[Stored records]
◆ ◆ ◆ ◆

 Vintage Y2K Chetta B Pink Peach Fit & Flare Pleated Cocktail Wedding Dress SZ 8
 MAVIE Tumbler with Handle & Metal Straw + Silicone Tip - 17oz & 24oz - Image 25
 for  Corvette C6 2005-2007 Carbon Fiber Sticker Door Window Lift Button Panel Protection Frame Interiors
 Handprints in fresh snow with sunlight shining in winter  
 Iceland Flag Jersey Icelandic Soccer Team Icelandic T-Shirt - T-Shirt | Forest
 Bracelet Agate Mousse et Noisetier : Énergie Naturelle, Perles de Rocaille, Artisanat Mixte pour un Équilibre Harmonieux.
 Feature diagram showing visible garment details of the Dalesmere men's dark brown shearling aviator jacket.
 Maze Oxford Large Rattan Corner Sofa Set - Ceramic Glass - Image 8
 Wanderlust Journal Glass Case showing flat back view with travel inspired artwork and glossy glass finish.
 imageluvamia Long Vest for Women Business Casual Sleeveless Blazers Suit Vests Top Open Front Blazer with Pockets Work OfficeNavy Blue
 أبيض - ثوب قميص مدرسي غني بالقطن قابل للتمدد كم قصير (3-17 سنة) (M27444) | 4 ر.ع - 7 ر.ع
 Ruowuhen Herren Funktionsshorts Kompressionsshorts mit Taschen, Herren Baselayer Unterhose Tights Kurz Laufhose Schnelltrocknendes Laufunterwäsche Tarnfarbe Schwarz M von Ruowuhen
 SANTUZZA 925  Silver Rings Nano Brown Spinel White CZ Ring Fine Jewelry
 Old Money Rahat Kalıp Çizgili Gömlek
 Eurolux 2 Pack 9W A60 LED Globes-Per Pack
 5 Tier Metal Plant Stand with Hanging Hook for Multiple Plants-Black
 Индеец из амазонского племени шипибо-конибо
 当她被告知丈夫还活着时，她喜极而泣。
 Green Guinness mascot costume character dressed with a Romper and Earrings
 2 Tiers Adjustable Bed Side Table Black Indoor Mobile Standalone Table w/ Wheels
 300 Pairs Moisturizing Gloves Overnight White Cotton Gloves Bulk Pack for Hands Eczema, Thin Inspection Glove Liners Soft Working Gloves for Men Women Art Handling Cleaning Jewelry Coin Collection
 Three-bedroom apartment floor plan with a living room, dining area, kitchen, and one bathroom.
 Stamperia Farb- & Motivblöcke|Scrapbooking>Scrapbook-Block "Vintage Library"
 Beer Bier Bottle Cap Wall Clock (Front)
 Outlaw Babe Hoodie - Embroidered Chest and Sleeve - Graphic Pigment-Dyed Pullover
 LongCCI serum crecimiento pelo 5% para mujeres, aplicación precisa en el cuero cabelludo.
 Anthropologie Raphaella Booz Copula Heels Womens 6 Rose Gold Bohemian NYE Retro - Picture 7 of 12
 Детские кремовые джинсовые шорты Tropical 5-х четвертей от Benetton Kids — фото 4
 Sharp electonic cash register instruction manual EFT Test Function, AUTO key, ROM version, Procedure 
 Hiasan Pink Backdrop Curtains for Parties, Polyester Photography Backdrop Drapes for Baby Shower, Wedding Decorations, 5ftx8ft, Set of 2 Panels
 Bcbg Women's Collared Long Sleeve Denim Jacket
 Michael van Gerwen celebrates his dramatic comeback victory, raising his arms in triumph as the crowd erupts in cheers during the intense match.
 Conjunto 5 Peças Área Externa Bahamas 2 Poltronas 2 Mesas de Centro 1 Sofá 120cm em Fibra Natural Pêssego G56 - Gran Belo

◆ ◆ ◆ ◆

Task brief:
The lines above from the one containing "Handprints in fresh" through the one containing "2 Tiers Adjustable" are to be set down exactly, and no others.

Task solution:
 Handprints in fresh snow with sunlight shining in winter  
 Iceland Flag Jersey Icelandic Soccer Team Icelandic T-Shirt - T-Shirt | Forest
 Bracelet Agate Mousse et Noisetier : Énergie Naturelle, Perles de Rocaille, Artisanat Mixte pour un Équilibre Harmonieux.
 Feature diagram showing visible garment details of the Dalesmere men's dark brown shearling aviator jacket.
 Maze Oxford Large Rattan Corner Sofa Set - Ceramic Glass - Image 8
 Wanderlust Journal Glass Case showing flat back view with travel inspired artwork and glossy glass finish.
 imageluvamia Long Vest for Women Business Casual Sleeveless Blazers Suit Vests Top Open Front Blazer with Pockets Work OfficeNavy Blue
 أبيض - ثوب قميص مدرسي غني بالقطن قابل للتمدد كم قصير (3-17 سنة) (M27444) | 4 ر.ع - 7 ر.ع
 Ruowuhen Herren Funktionsshorts Kompressionsshorts mit Taschen, Herren Baselayer Unterhose Tights Kurz Laufhose Schnelltrocknendes Laufunterwäsche Tarnfarbe Schwarz M von Ruowuhen
 SANTUZZA 925  Silver Rings Nano Brown Spinel White CZ Ring Fine Jewelry
 Old Money Rahat Kalıp Çizgili Gömlek
 Eurolux 2 Pack 9W A60 LED Globes-Per Pack
 5 Tier Metal Plant Stand with Hanging Hook for Multiple Plants-Black
 Индеец из амазонского племени шипибо-конибо
 当她被告知丈夫还活着时，她喜极而泣。
 Green Guinness mascot costume character dressed with a Romper and Earrings
 2 Tiers Adjustable Bed Side Table Black Indoor Mobile Standalone Table w/ Wheels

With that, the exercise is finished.